As The Wall Street Journal reports, a new lawsuit against the NFL and NFL Films — an arm of the league that functions as both a production studio and content archive — alleges that the film studio, and thus the league, keeps a massive, carefully cataloged database of lewd shots of women fans and cheerleaders that the NFL's cameras capture at games.

The suit, an employment discrimination complaint filed by former NFL Films human resources temp Victoria Russell, says "that NFL Films had a database of timestamps on its footage with descriptions including 'cheerleaders buttocks,' 'cheerleaders rear end,' 'female fan in bikini top,' 'naughty camera work,' 'close up of cheerleader's breasts; cleavage shot,' 'shot of endowed woman' and 'random woman, cleavage shot,'" the WSJ report claims.

It's a disturbing revelation, to say the absolute least. On its website, NFL Films claims that its archive is the "world's largest library of sports footage," which may very well be true; if this allegation is correct, there's no telling how much of that saved content is itemized and stored footage of women in comprising positions.

And the league, for its part, hasn't exactly denied that the database exists.

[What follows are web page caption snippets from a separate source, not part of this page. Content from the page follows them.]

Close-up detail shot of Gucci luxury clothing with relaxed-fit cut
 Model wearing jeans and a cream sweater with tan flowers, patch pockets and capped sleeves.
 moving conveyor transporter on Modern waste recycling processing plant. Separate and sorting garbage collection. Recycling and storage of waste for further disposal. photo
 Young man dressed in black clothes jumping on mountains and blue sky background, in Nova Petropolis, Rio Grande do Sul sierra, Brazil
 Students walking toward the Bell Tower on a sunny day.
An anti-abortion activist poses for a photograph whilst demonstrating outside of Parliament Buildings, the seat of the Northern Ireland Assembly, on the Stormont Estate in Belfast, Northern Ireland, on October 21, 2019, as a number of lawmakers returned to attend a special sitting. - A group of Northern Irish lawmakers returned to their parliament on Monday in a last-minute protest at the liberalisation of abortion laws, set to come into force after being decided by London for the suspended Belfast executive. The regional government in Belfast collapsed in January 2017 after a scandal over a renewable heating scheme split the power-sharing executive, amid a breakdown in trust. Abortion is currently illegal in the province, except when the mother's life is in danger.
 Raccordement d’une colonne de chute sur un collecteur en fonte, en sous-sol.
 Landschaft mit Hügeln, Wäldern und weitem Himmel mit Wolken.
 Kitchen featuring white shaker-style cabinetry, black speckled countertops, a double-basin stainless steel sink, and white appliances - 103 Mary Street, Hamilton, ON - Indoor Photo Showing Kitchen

"Those frames are logged as 'sensitive' so that they can be removed from circulation, meaning they will not be accessible to employees whose job it is to locate footage for productions," NFL spokesperson Brian McCarthy told the WSJ, adding that "a number of the descriptions that Russell alleged are used are inaccurate."

Further, McCarthy told the paper, the former employee didn't "have credentials for the logging system, nor did any aspect of her responsibilities involve accessing footage."

So, in other words, it sounds like a database of lewd footage does exist, but McCarthy's claiming it isn't that specific about what's in each clip, and that the employee shouldn't have been looking at it in the first place. Got it.

While there might some merit to flagging a specific frame as inappropriate as a means of keeping it off the air, it's unclear why any of these clips would have to be marked as anything other than "sensitive" or "inappropriate." Whether there were three different subcategories of lewd content or twenty, that degree of documentation seems unnecessary and inappropriate. Indeed, Russell's suit reportedly alleges that she first stumbled across the database in question after discovering, during a 2018 audit of the NFL's HR files, a "chat room log tracking timestamps on NFL footage and linking the timestamps to sexualized and offensive descriptions of women captured on that footage."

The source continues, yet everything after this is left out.